==== Exercise input

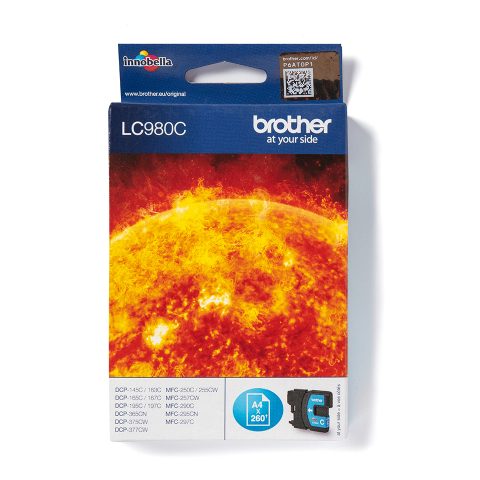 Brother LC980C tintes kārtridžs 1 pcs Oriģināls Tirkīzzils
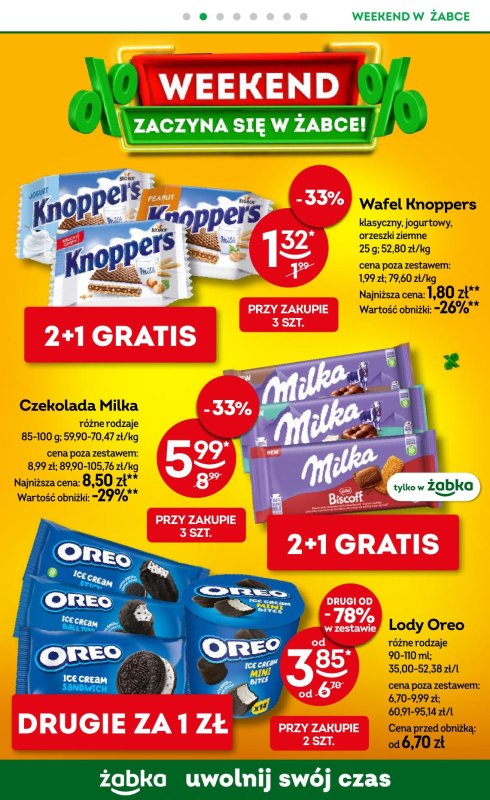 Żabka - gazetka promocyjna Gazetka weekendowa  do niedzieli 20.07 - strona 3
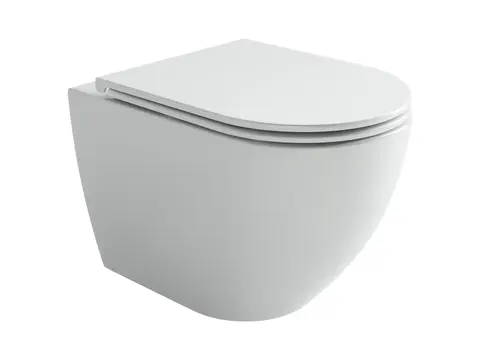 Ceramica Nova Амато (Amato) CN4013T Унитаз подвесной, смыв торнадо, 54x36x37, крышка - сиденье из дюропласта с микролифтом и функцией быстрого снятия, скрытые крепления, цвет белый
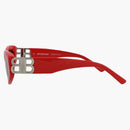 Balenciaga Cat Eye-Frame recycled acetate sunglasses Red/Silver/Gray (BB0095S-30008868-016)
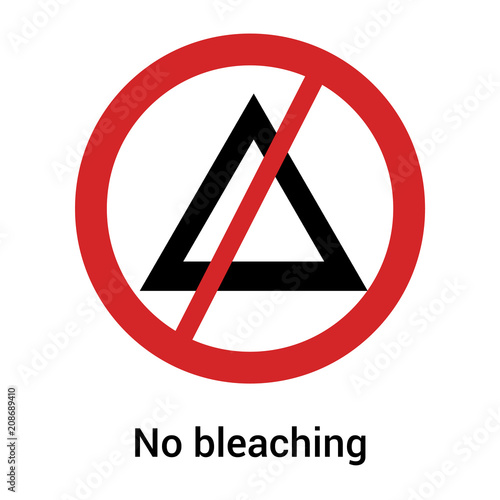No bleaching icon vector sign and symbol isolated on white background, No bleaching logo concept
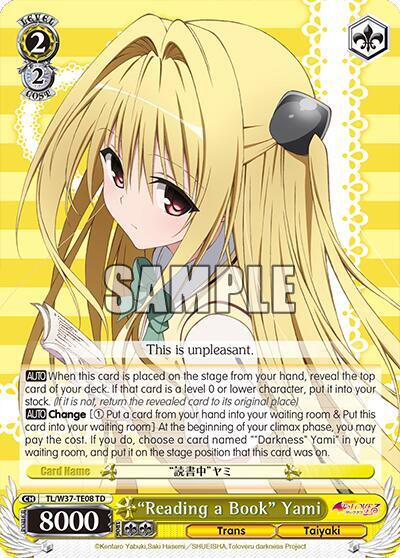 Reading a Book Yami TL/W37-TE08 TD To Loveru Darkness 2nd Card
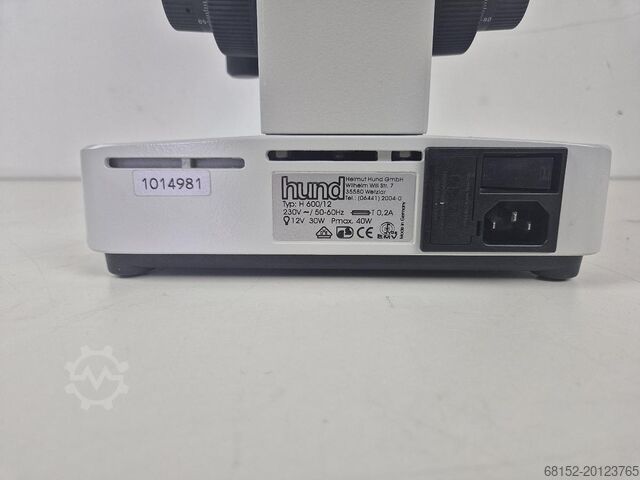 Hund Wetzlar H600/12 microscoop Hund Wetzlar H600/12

========
==== Exercise input

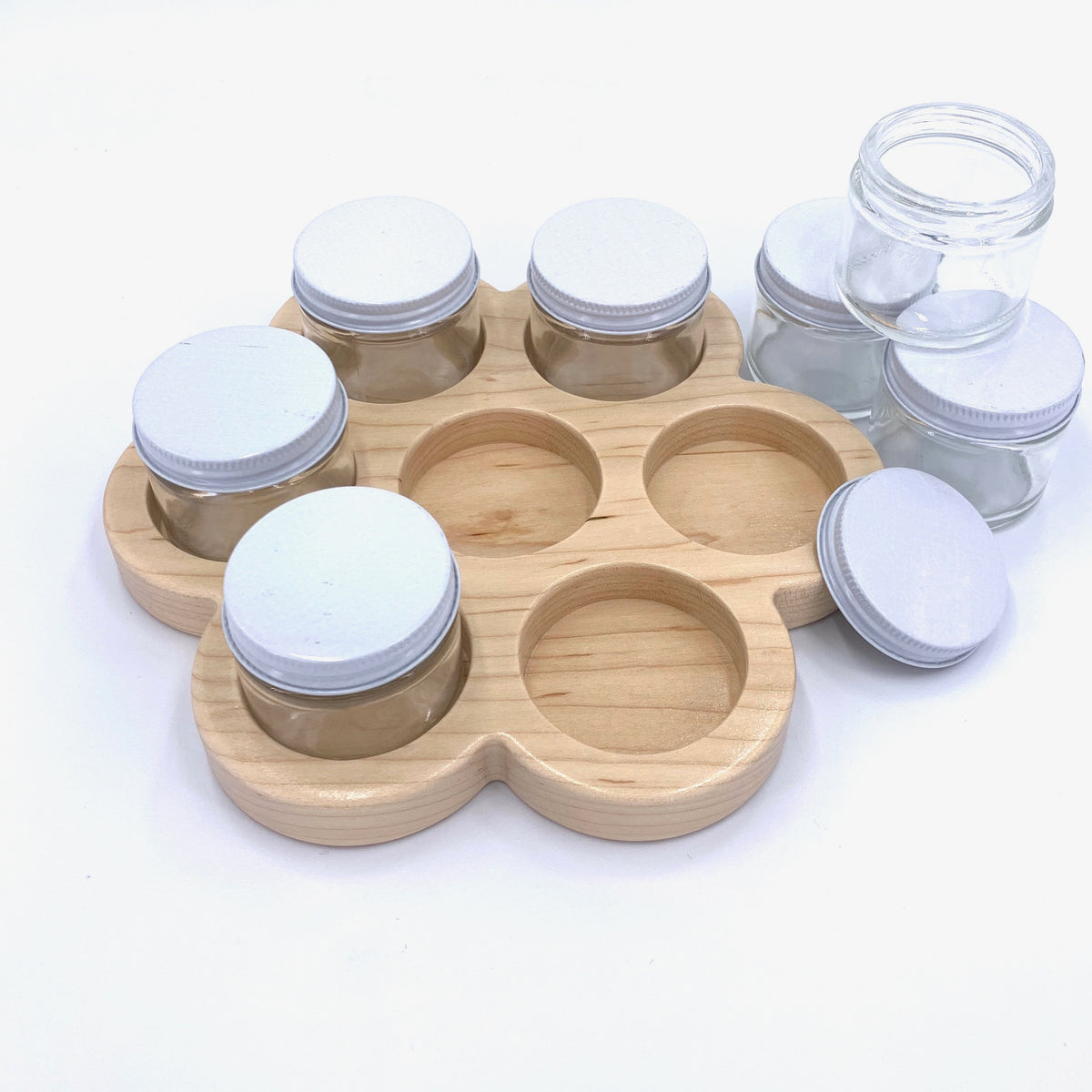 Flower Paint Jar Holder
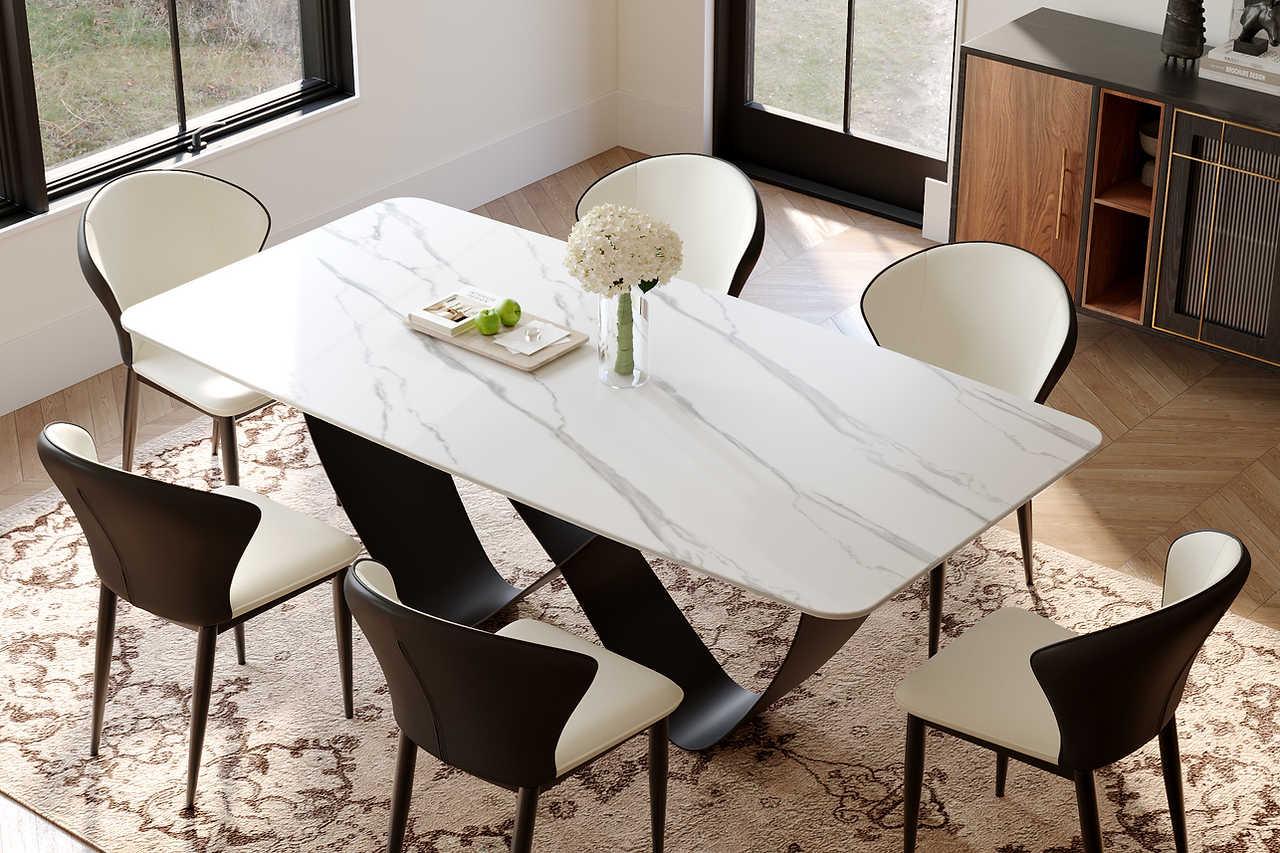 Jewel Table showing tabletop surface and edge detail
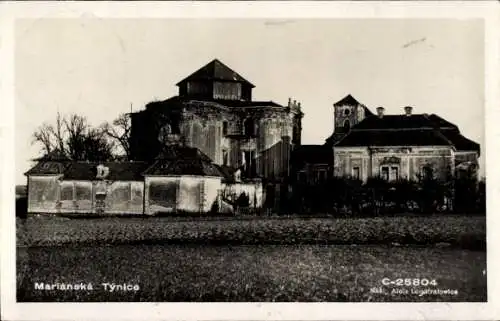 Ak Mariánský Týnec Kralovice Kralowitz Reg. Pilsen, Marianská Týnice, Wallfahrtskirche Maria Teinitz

========
==== Exercise input

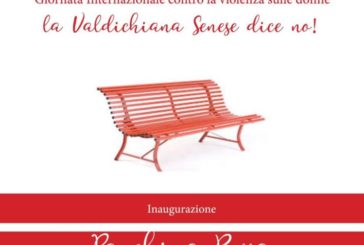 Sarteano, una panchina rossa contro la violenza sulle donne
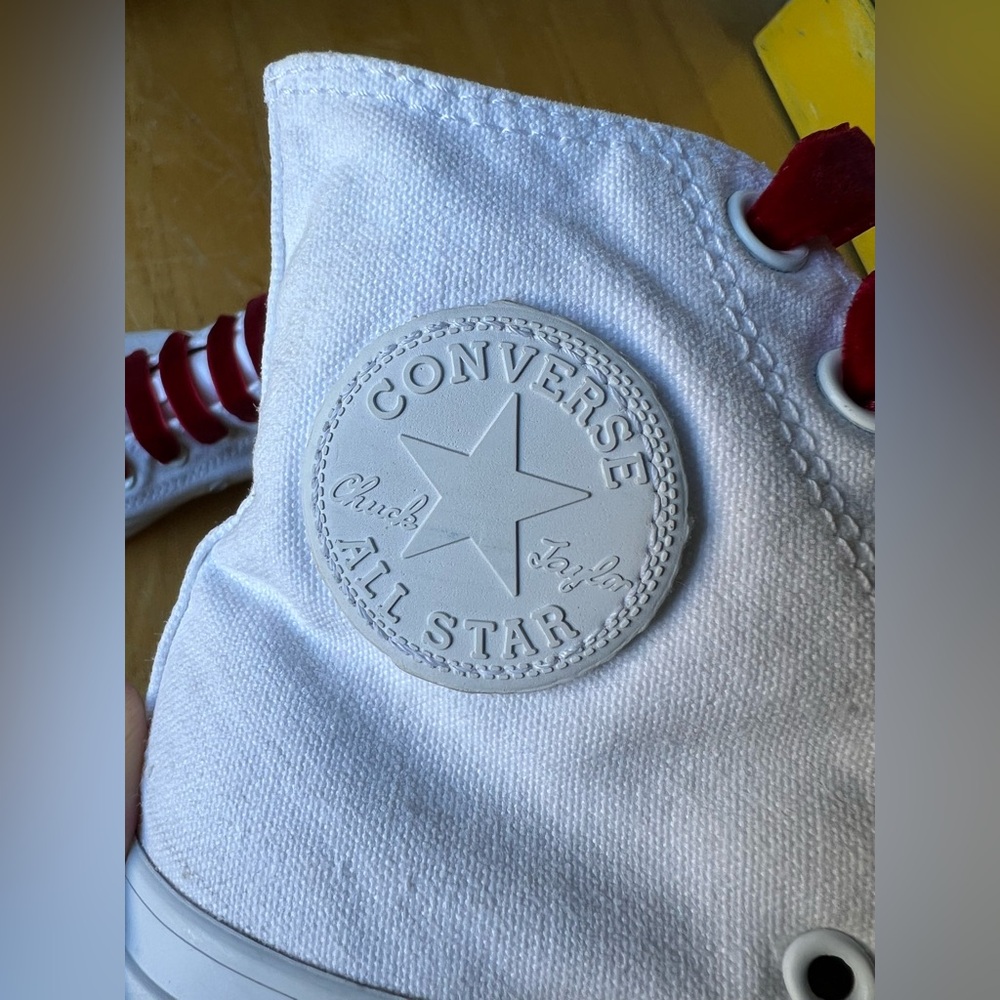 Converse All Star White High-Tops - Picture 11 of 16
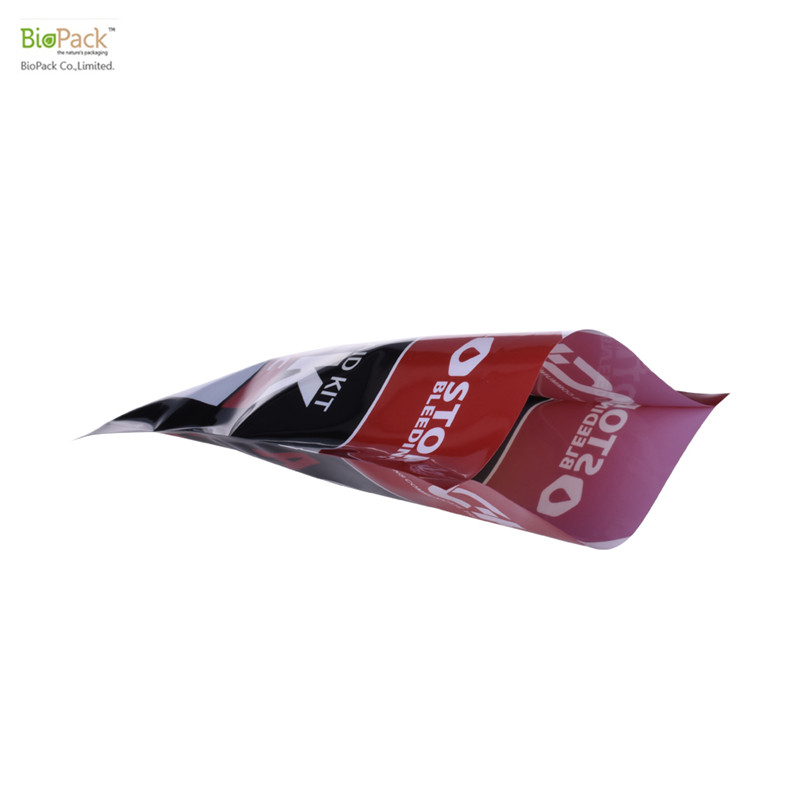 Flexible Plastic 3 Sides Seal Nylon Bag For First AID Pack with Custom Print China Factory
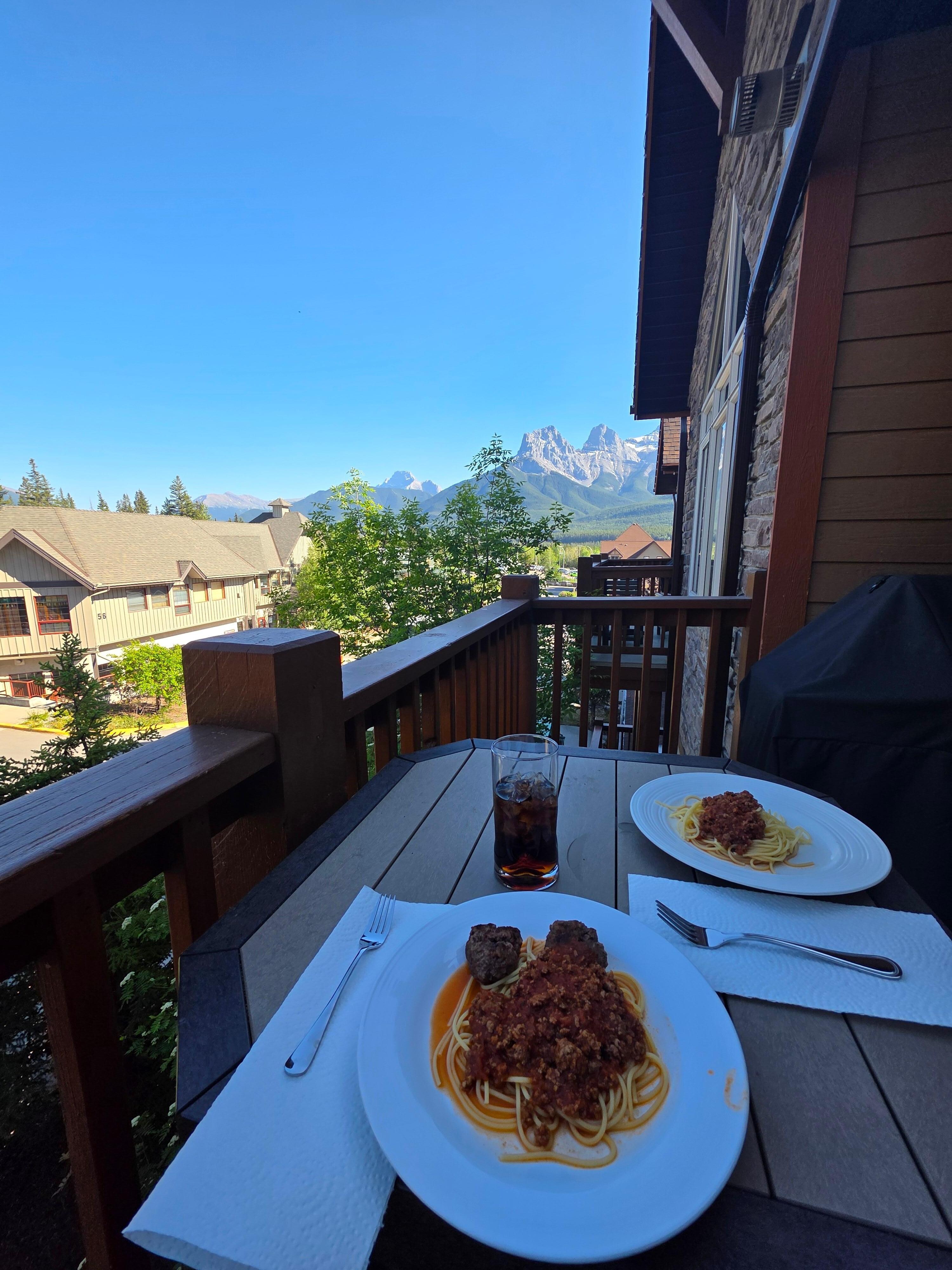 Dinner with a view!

========

Task to complete.
Within the material above, only the stretch from the line holding "Flexible Plastic 3" through the line holding "Dinner with a view!" is to be restated exactly. Pictures are dropped.

Worked solution.
 Flexible Plastic 3 Sides Seal Nylon Bag For First AID Pack with Custom Print China Factory
 Dinner with a view!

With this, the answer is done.